Although you probably think of Lincoln as the Uber driver’s dream car, there was a point, in the history of Ford’s great luxury brand, when Lincoln made trucks. Yes, that’s “trucks,” a plural — because Lincoln sold two of them.

We already told you all about the Blackwood, which Lincoln sold only in 2002 and 2003, and which was considered one of the all-time great failures of the pickup world — second only, perhaps, to the Chevrolet SSR. (News flash: Anytime your pickup is mentioned in the same breath as the Chevrolet SSR, unless it’s a BuzzFeed list entitled 20 Pickups That Are the Exact Opposite of the Chevrolet SSR, you’ve messed something up.) See the Lincoln Mark LT models for sale near you

But what we didn’t tell you about was Lincoln’s second attempt at a pickup truck: the Mark LT.

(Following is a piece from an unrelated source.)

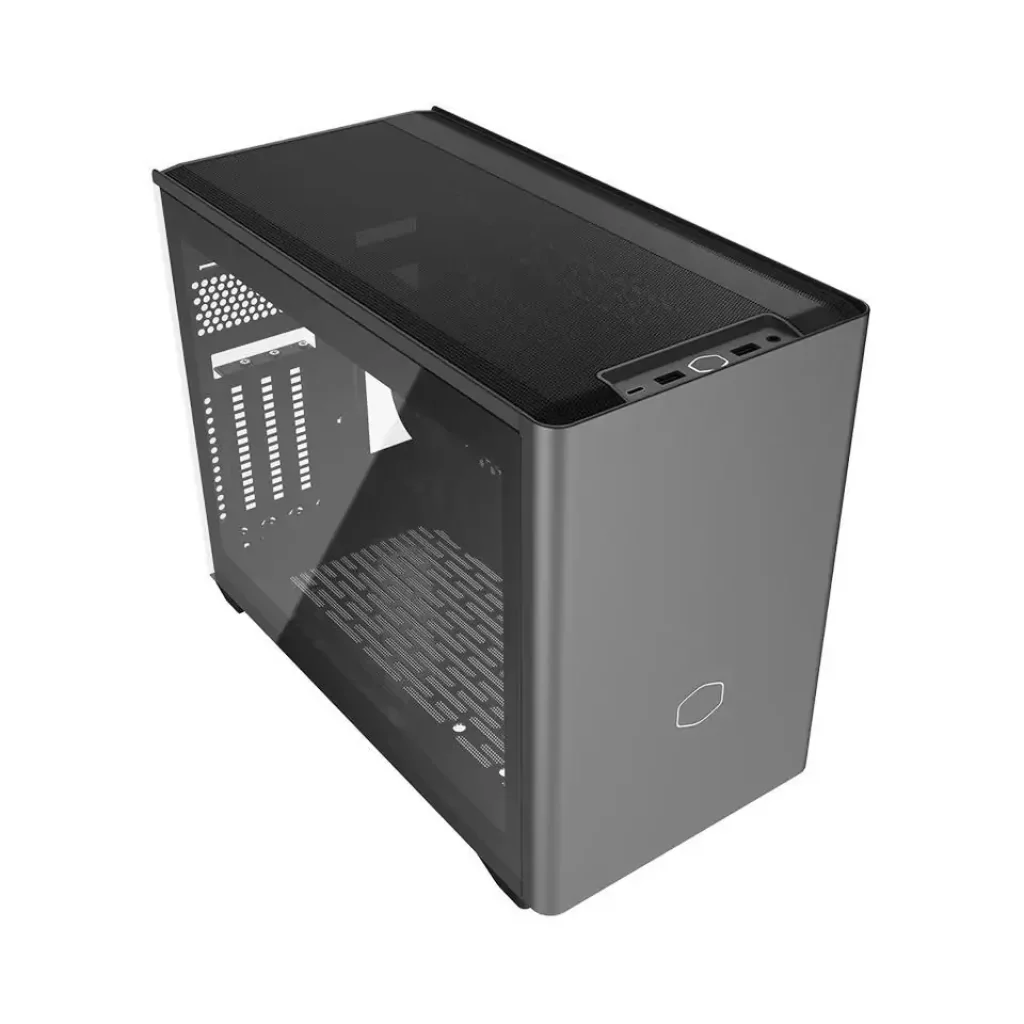 Корпус для комп'ютера MITX 850W NR200PV2-MCNN85 COOLER MASTER (NR200PV2-MCNN85-SL1) UA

Here’s what happened: Although the Lincoln Blackwood was a major failure, Lincoln still had an enormous amount of market research showing that a lot of Lincoln owners also owned a pickup. So they thought the Blackwood would succeed, and it didn’t, but then they thought they could come out with some other truck to capture the hearts and minds of these truck-owning Lincoln drivers. That was the Mark LT.

Sold from 2006 to 2008, the Mark LT was a far more thinly rebadged version of the Ford F-150 than the Lincoln Blackwood had been. There’s a reason for this: Presumably, this time around, Ford didn’t want to put very much money into the thing.

So the Mark LT came out in 2006 with one engine — a 300-horsepower 5.4-liter V8 — and one body style: a short-bed crew cab. There was only one trim level, though Lincoln did offer a few options — including a rear DVD player, power adjustable pedals, running boards, and chrome wheels. The original MSRP was $39,700 in 2006 for a rear-wheel-drive model, or $43,300 for a 4-wheel-drive version.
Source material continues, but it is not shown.